Nach düsterer Übergangsmusik sehen wir in der nächsten Szene, ein Jahr später, auf einem Bahnhof eine große Menge von Menschen versammelt, die den Krieg überlebt haben. Der klanggewaltige Chor der Royal Swedish Opera glänzt hier wie auch im weiteren Verlauf in harmonisch und rhythmisch perfekt abgestimmtem a capella Gesang. Auch Ava ist dort, die nur eines will: Teo finden, von dem sie getrennt wurde, als sie kurz nach ihrer Hochzeit nach Auschwitz deportiert wurden. Ava trifft auf Gustav (fröhlich mit wendbarem Ausdruck: Niklas Björling Rygert), der auf dem Weg nach Hause ist und sich auf das Wiedersehen mit seiner Familie freut. Ava ist verzweifelt, da sie niemanden hat, zu dem sie zurückkehren kann.
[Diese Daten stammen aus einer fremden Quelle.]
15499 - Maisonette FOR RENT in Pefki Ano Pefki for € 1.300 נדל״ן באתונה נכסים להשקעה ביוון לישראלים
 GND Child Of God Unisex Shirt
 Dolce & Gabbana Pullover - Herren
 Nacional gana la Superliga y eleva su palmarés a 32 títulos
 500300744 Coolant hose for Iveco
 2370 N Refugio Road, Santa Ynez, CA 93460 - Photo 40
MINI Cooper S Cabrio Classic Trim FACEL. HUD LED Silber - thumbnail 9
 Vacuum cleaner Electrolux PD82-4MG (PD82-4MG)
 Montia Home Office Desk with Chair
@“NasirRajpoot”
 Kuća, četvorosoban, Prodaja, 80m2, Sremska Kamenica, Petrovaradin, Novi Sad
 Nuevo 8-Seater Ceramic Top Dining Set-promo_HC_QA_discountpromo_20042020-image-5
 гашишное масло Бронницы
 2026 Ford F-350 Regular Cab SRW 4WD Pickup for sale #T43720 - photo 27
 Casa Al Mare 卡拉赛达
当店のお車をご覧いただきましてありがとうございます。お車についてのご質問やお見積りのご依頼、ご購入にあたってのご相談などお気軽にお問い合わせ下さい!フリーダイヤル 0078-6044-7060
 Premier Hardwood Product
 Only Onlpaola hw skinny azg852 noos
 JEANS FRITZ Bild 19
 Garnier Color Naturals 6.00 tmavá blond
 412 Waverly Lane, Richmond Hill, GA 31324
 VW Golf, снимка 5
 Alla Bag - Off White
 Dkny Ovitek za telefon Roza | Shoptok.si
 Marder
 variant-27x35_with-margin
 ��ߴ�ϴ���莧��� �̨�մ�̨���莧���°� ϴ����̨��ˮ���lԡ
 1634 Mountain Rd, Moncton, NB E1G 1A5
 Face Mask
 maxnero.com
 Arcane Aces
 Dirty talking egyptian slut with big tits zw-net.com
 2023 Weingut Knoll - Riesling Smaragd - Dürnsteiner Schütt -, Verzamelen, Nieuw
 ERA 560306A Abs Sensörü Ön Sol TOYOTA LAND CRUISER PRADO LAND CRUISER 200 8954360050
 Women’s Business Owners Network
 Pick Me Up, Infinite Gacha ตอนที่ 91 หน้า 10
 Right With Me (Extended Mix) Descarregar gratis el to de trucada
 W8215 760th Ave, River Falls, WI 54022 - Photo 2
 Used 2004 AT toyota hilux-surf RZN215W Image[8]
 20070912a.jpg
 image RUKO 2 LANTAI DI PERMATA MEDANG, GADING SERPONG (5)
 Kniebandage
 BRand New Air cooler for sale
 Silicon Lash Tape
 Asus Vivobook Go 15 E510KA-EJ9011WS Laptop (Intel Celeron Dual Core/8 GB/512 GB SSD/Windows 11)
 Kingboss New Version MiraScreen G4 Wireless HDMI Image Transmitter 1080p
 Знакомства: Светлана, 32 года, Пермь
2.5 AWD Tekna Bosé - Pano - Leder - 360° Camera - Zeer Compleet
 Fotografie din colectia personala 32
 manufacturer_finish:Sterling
Ava sucht in der Nacht auf dem Bahnsteig nach Teo. Sie trifft auf die schwer traumatisierte Maria, (Susann Végh mit viel Ausdruck und fast gespenstischer Bühnenpräsenz). Immer wieder erzählen einzelne Stimmen aus dem Chor die tragischen Einzelschicksale der Judenvernichtung.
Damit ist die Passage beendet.